Each line from the one containing "Hombre detenido en" to the end of the material below is to be restated exactly, with pictures skipped.

Collected material
============================================================
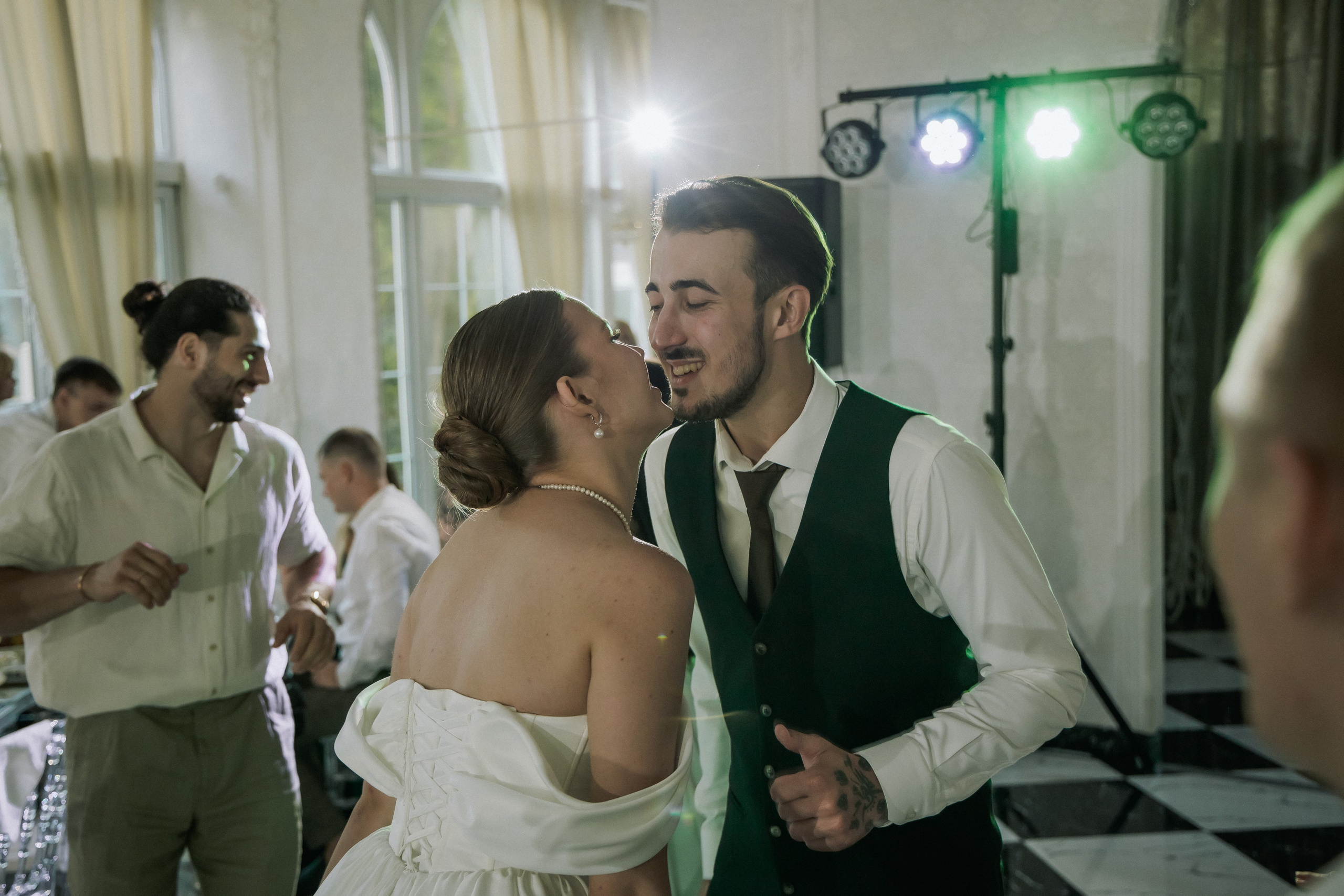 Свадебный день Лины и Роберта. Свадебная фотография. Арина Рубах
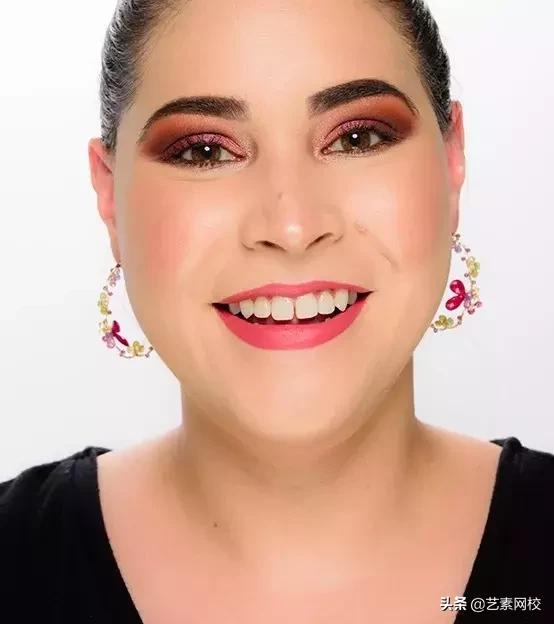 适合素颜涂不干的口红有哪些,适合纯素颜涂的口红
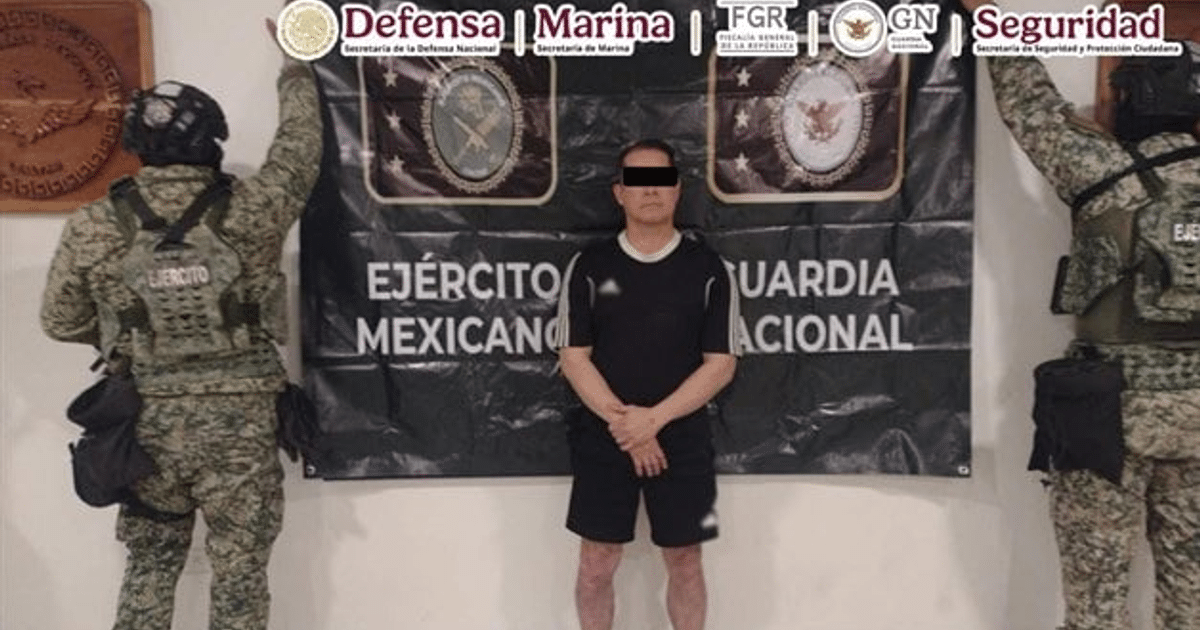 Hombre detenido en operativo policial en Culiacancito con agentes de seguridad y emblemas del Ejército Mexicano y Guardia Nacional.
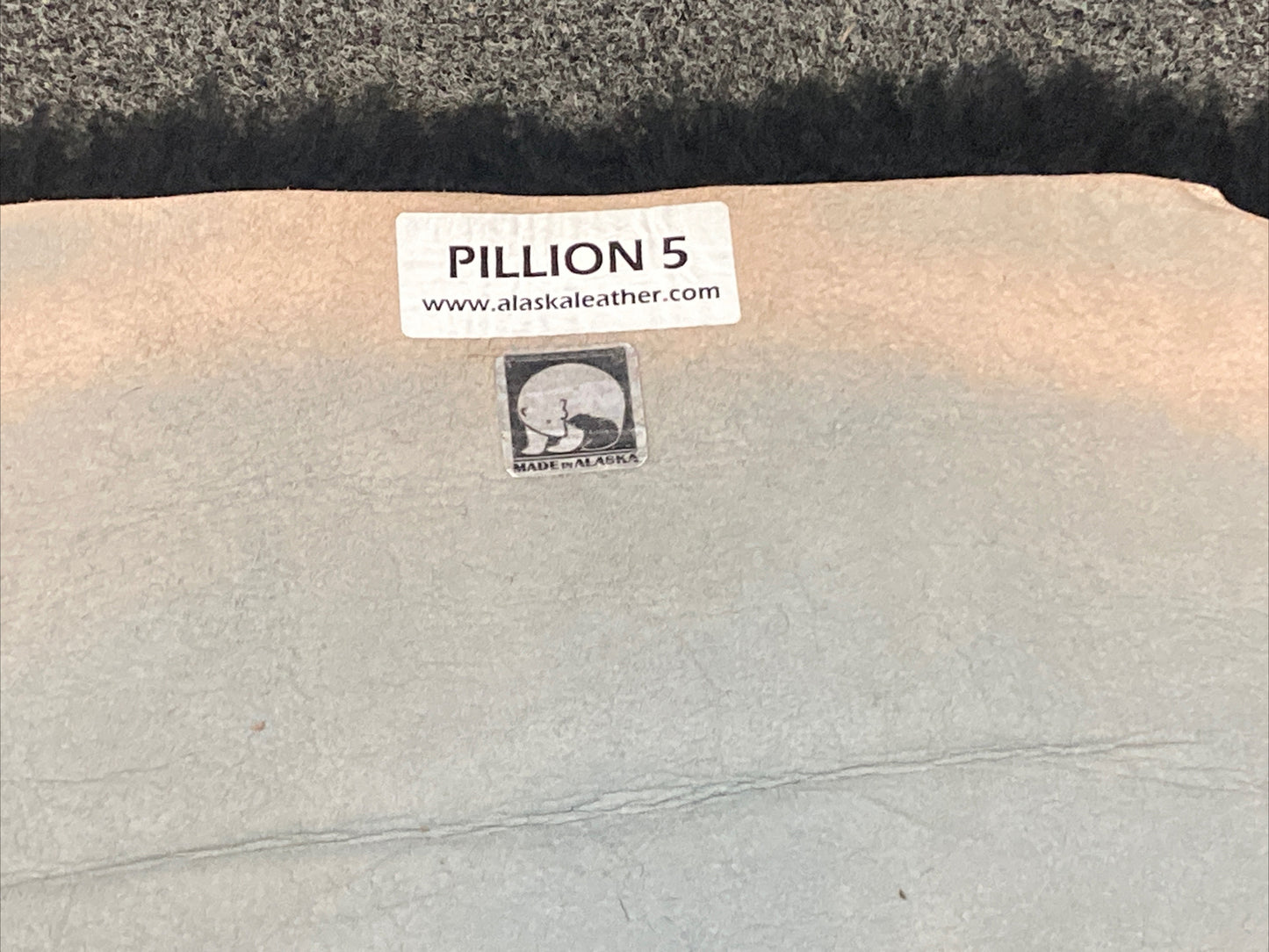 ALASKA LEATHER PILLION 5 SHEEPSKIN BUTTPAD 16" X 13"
============================================================
Response below
 Hombre detenido en operativo policial en Culiacancito con agentes de seguridad y emblemas del Ejército Mexicano y Guardia Nacional.
 ALASKA LEATHER PILLION 5 SHEEPSKIN BUTTPAD 16" X 13"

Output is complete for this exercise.